Go to the line containing "this 250×188 image." in the records below. Repeat it and the lines after it exactly, all the way to the end.

+++ Provided data +++

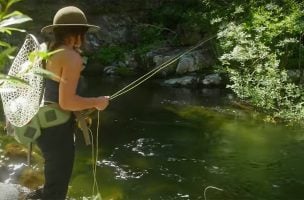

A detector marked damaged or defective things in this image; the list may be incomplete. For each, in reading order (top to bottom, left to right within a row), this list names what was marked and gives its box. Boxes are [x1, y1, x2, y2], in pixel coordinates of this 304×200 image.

bent fly rod [78, 34, 216, 119]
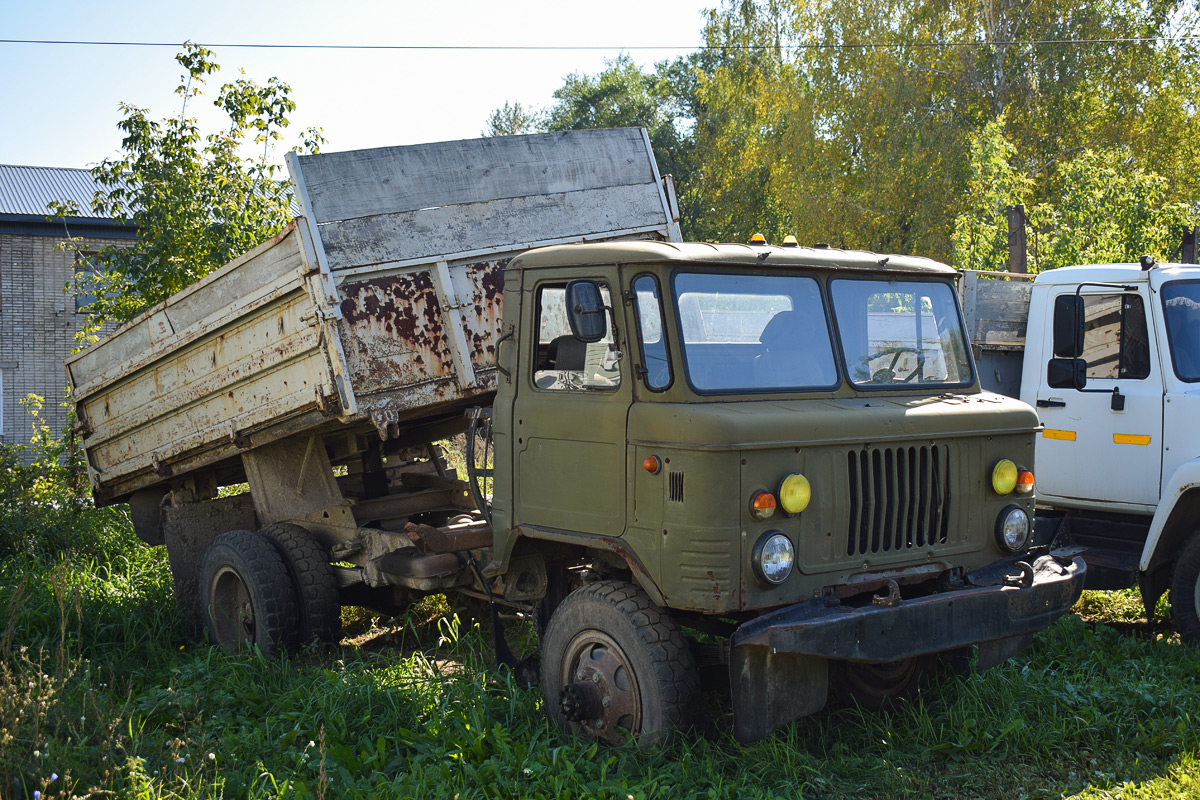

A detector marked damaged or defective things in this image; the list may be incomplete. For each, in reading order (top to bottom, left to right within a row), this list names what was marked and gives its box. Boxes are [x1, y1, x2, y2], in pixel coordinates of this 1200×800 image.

rusty truck body [68, 128, 1088, 748]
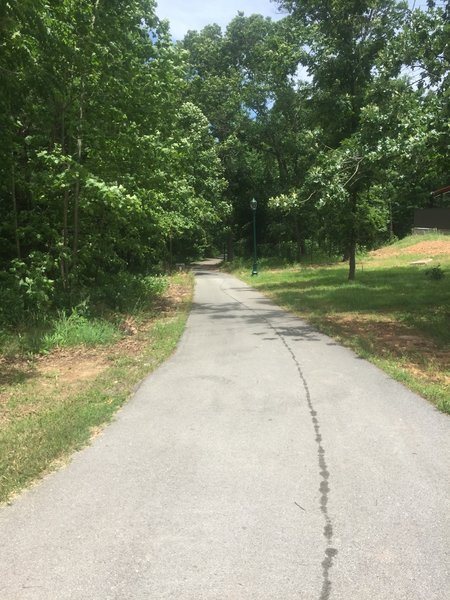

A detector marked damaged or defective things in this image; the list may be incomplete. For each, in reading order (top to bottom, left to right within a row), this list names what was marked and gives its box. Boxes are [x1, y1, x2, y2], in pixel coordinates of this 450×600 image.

asphalt crack [218, 282, 338, 600]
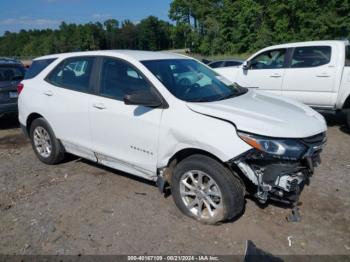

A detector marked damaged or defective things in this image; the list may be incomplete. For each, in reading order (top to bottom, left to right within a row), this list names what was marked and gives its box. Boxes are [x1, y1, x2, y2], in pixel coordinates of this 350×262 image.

dented hood [187, 90, 326, 138]
broken headlight [238, 131, 306, 160]
damaged front bumper [230, 133, 326, 205]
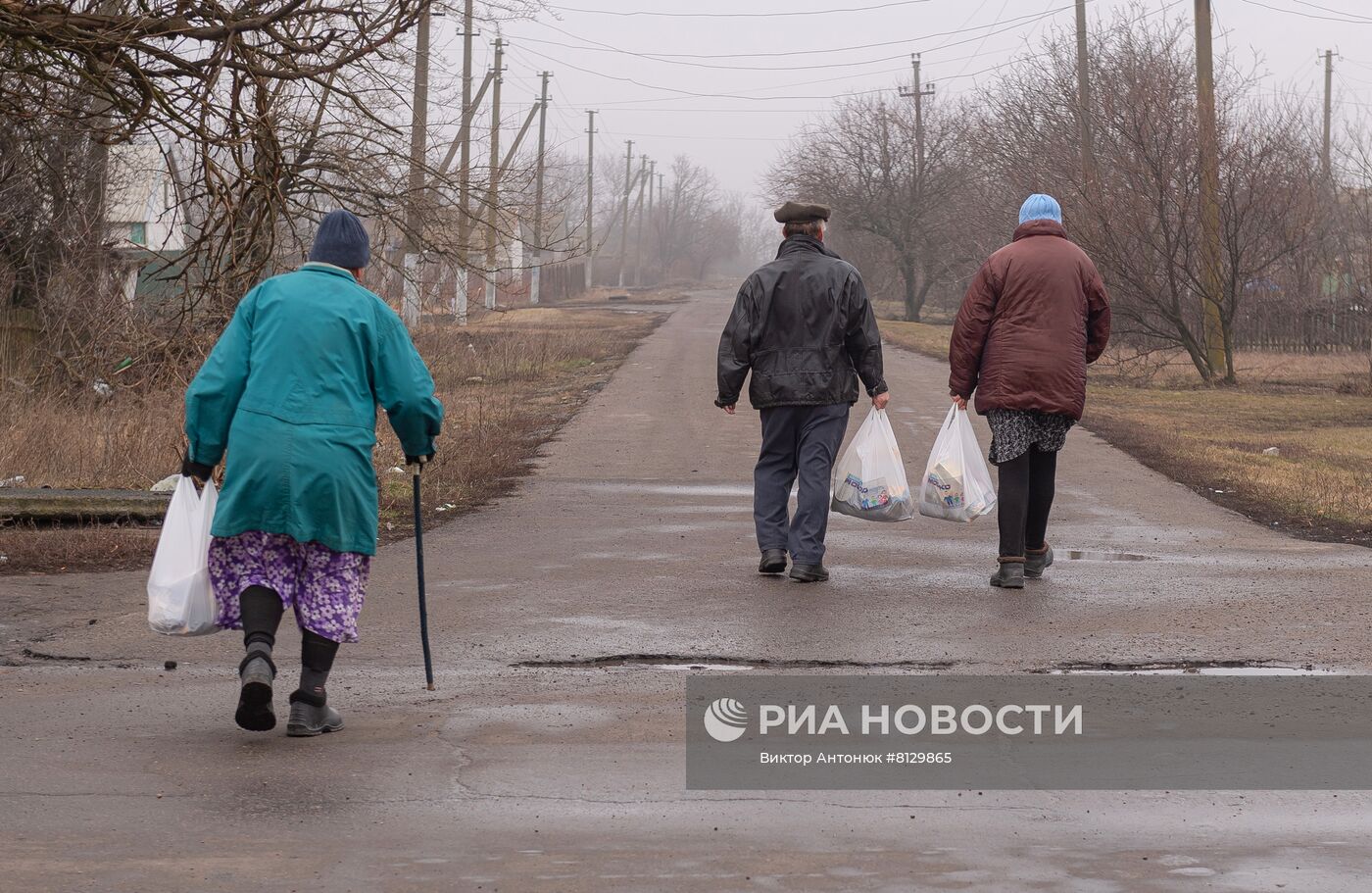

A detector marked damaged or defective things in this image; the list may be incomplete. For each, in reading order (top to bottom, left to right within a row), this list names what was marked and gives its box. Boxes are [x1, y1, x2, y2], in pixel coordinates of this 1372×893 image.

cracked asphalt road [2, 290, 1372, 890]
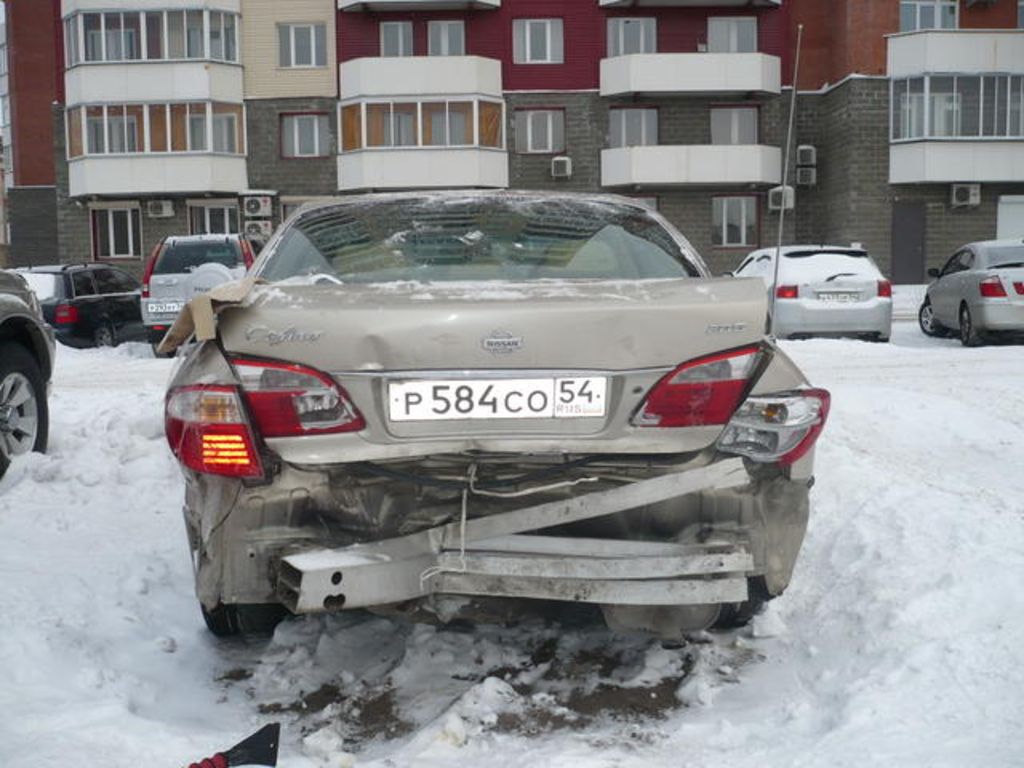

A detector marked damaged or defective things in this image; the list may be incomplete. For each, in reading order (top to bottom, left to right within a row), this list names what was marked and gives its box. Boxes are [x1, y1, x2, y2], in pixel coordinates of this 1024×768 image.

damaged gold sedan [163, 192, 827, 638]
exposed metal under bumper [274, 460, 753, 618]
broken bumper trim piece [274, 460, 753, 618]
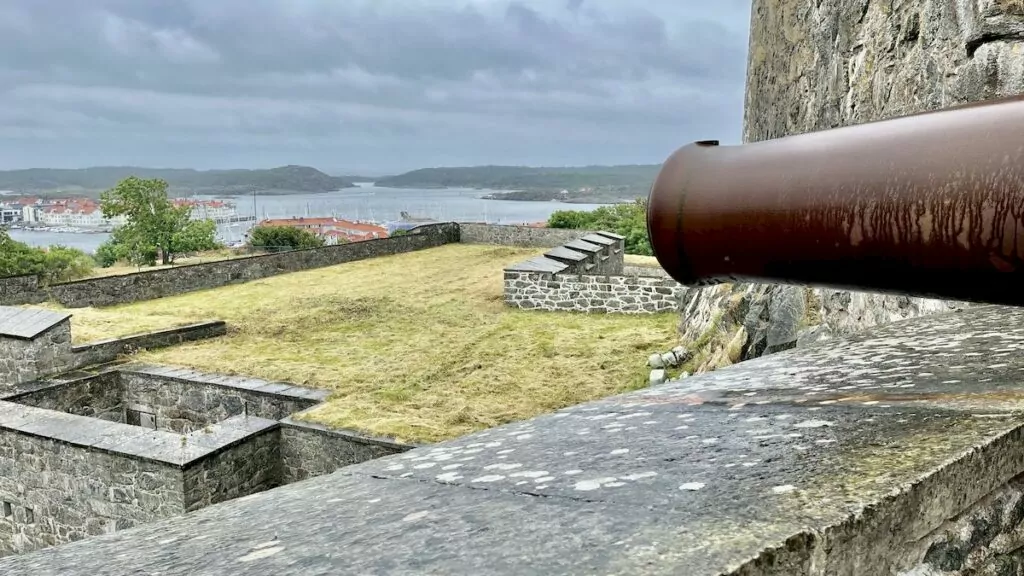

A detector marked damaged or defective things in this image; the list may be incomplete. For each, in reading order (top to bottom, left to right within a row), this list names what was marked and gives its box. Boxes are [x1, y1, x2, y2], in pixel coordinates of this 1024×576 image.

rusty iron cannon [648, 94, 1024, 306]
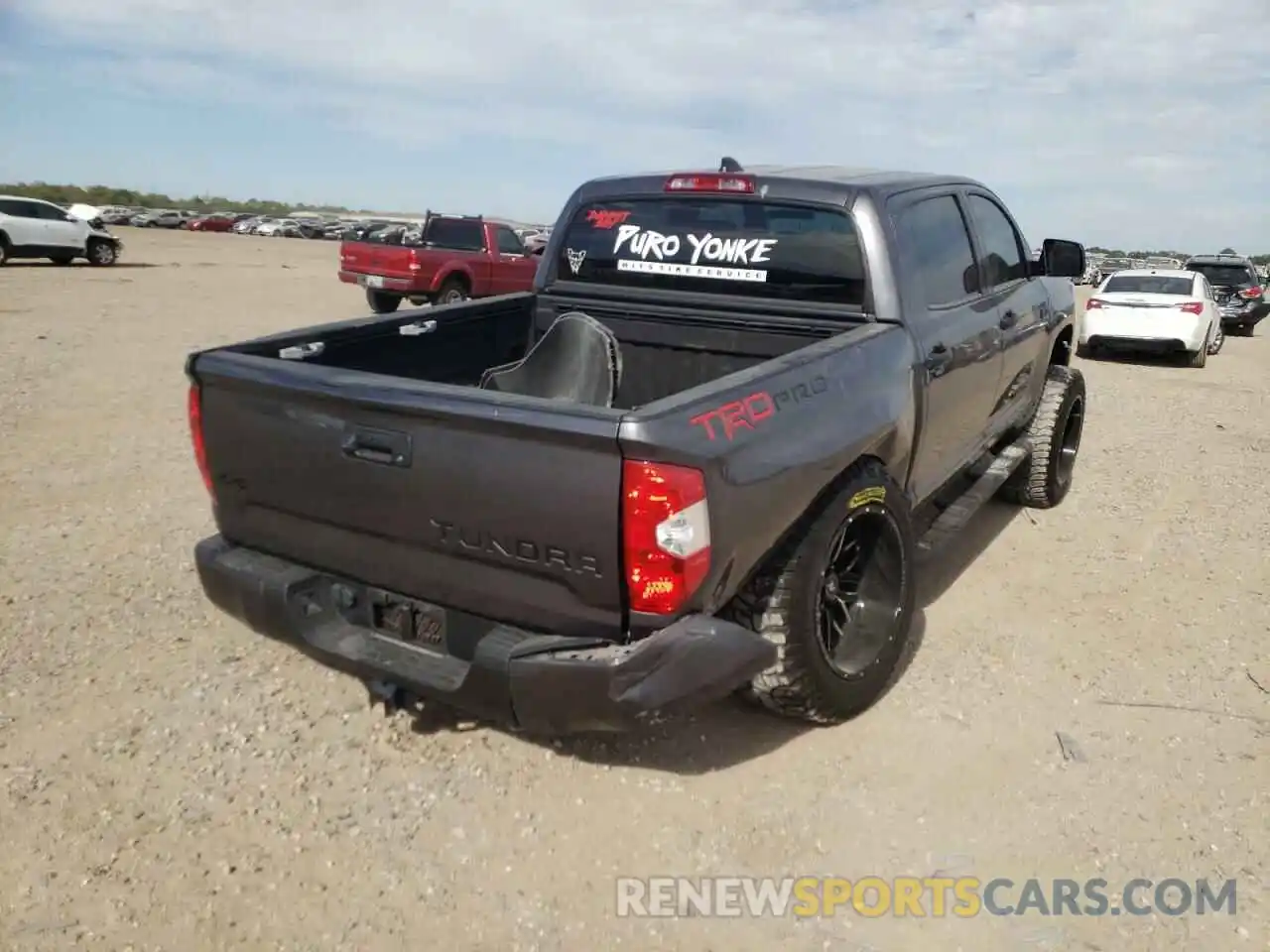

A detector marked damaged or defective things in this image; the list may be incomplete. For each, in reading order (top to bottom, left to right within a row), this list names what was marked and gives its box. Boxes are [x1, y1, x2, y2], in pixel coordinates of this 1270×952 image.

damaged rear bumper [192, 539, 770, 734]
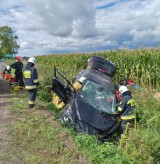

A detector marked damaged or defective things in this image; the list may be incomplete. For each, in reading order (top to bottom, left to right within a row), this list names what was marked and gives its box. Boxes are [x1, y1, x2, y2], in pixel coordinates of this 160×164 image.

shattered windshield [79, 80, 115, 114]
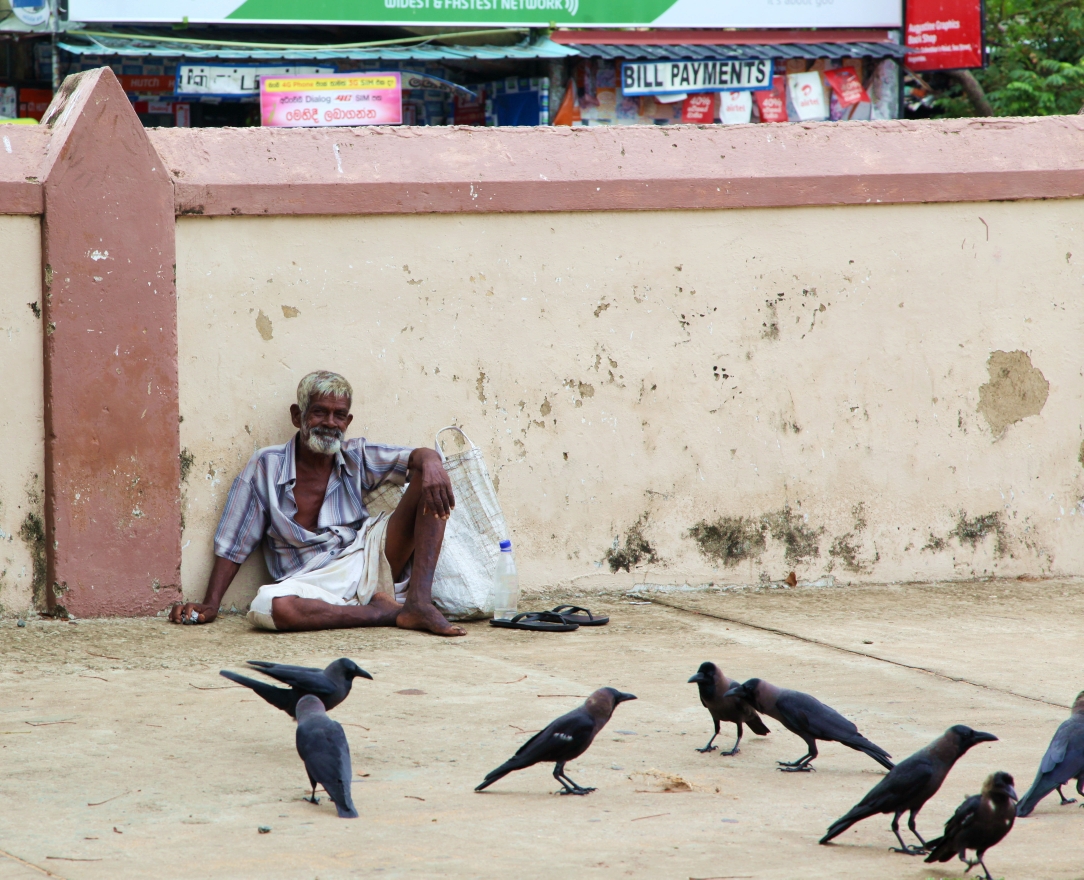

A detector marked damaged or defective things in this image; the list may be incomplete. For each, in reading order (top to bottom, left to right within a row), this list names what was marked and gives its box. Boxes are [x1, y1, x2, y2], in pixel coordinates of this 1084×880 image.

peeling paint on wall [979, 348, 1044, 435]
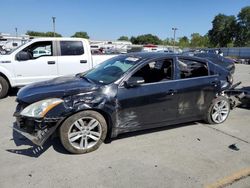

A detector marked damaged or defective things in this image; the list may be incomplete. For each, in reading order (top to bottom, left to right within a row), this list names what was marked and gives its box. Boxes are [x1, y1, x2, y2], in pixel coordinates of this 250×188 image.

broken headlight [20, 98, 63, 117]
crumpled hood [16, 75, 100, 103]
damaged black sedan [13, 53, 232, 154]
detached front bumper [13, 111, 63, 146]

+++

- **Expected answer**:
A detector marked damaged or defective things in this image; the list may be incomplete. For each, in reading order (top to bottom, left to right within a row), this list names what was marked and gives its box. Boxes are [x1, y1, x2, y2], in pixel coordinates of this 250×188 image.

broken headlight [20, 98, 63, 117]
crumpled hood [16, 75, 100, 103]
damaged black sedan [13, 53, 232, 154]
detached front bumper [13, 111, 63, 146]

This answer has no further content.